前職はエムスリー株式会社に所属し、現在はSansan株式会社で研究開発部の部長を担う西場正浩さんは、自らの歩みをこう振り返ります。研究員の成果を最大化するためのマネジメントに注力する西場さんは、なぜ“組織づくり”に注力するようになったのでしょうか。

そのキャリアには、組織マネジメントのエッセンスが詰まっていました。

自分の実現したいこととSansanの環境がマッチしていた

――西場さんがマネジメントの役割を担うようになった経緯からお聞かせいただけますか。
私はもともと、数理ファイナンスの研究で博士号を取得した後、メガバンクにクオンツとして入社しました。当時はまだ組織づくりへの関心はほとんどなく、「プレーヤーとして世界トップレベルになってニューヨークやロンドンで働くぞ」と本気で思っていましたし、土日もずっとプレーヤーとしての勉強をしていたように思います。入社2年目にはチームの立ち上げをしました。それが初めてのリーダー経験です。でも、振り返ってみると、あまり私は良いリーダーだったとは思えないですね。

その後は、自分の主軸を機械学習に移してエムスリーに転職しました。機械学習エンジニアとしてアルゴリズムの開発に携わりながら、徐々にマネジメントにも手を広げていくことになりました。

AI・機械学習チームの立ち上げやエンジニア組織の採用マーケティング、プロダクトマネジャー、事業責任者などいろいろなことを経験させてもらって、自分のできることが増えました。

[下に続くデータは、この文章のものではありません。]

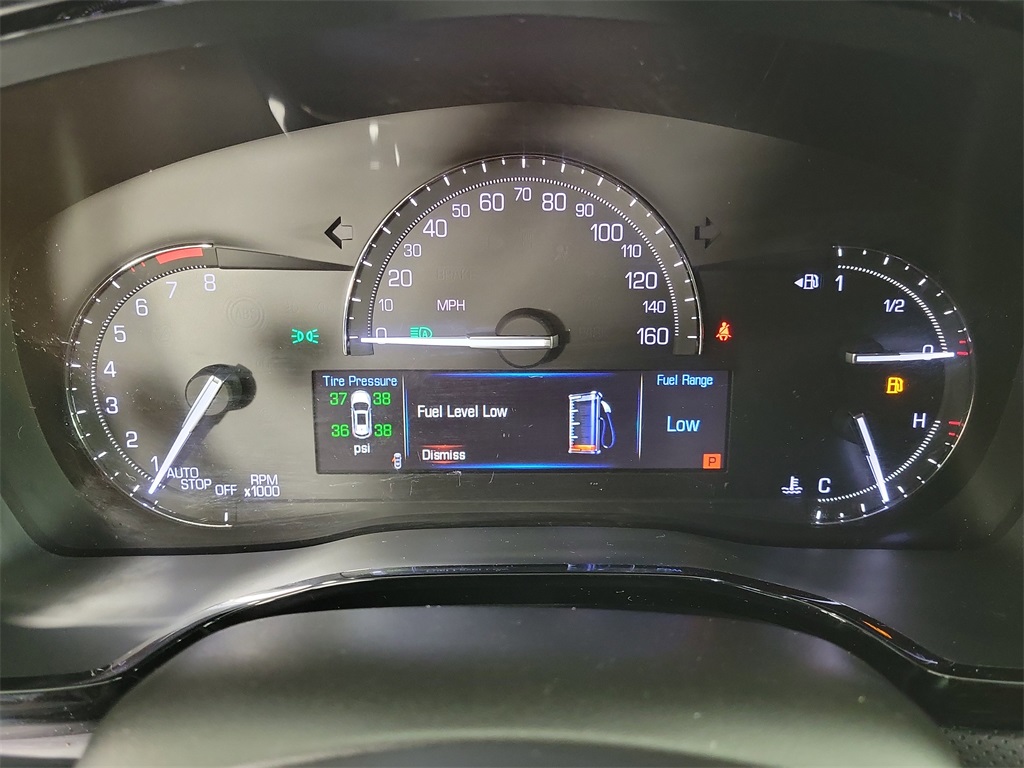 2019 Cadillac XT5 Luxury Black at Don McGill Toyota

それと同時に、自分の至らない部分や経験不足な領域とも数多く直面し、困難なこともありましたね。そうした経験を経て、「中長期的な視点を持ちつつ強い組織を作ることに自分の責任で取り組みたい」と思うようになり、Sansanに転職しました。

――Sansanのどのようなところを魅力に感じたのでしょうか?
Sansanの“変化を受け入れる文化”は非常に魅力的でした。今、Sansanは新しいサービスが続々と立ち上がり、人員もどんどん増えています。組織も文化も成長過程にあり、まだまだ改善と挑戦が必要な環境なので、私が組織づくりに貢献できる機会がたくさんあると思いました。

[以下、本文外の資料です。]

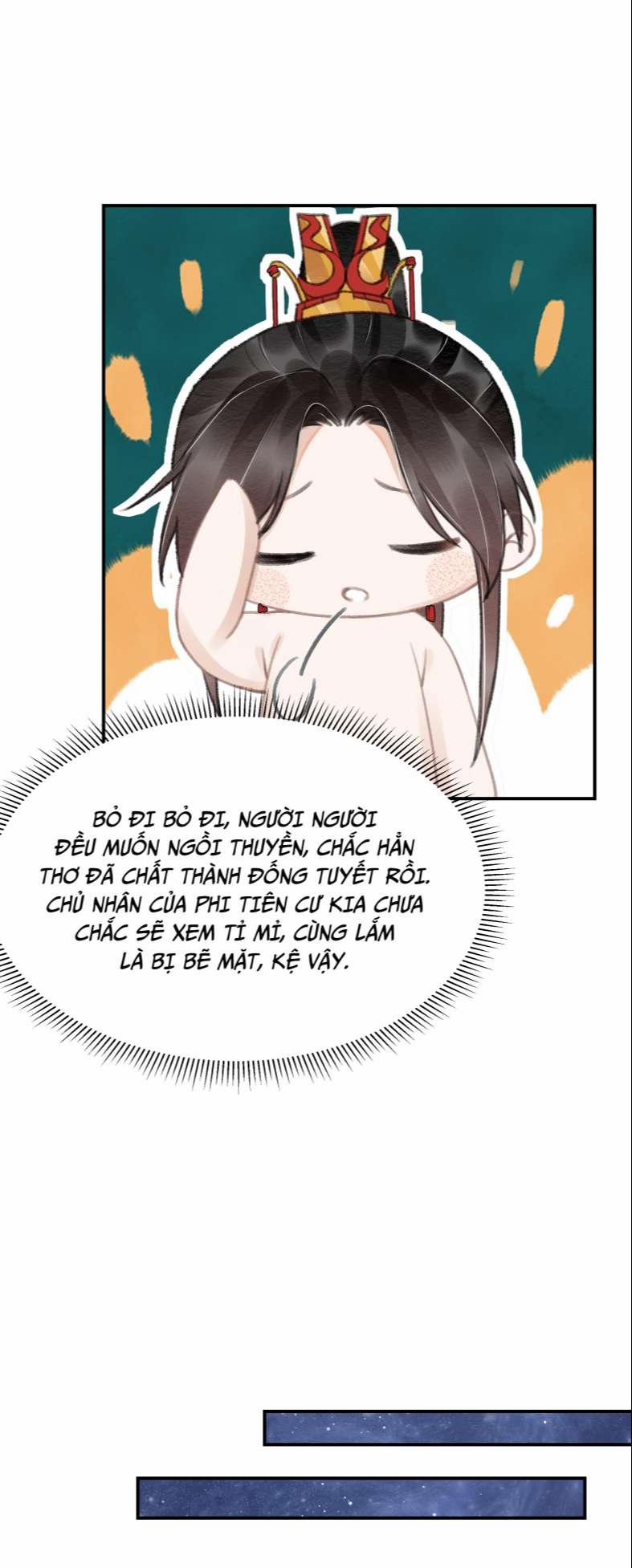 Vân Gian Có Tòa Thành 14 trang 23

さらに、現状でも一定の規模の企業のため、私がプレーヤー業務を兼任する必要はなく、組織マネジメントに専念できます。マネジメントによるレバレッジも効きます。これらが私の今やりたいことと強くマッチしていました。

――Sansanでのマネジメント業務のことも教えてください。
私がマネジメントする研究開発部は、機械学習やデータサイエンスなどの技術を活用し、ビジネスやサービスをドライブしていく組織です。研究とサービス開発の両方を担っています。いわゆる研究員だけでなく、ソフトウェアエンジニアも多数在籍しており、メンバー同士が協力し合って開発を行っています。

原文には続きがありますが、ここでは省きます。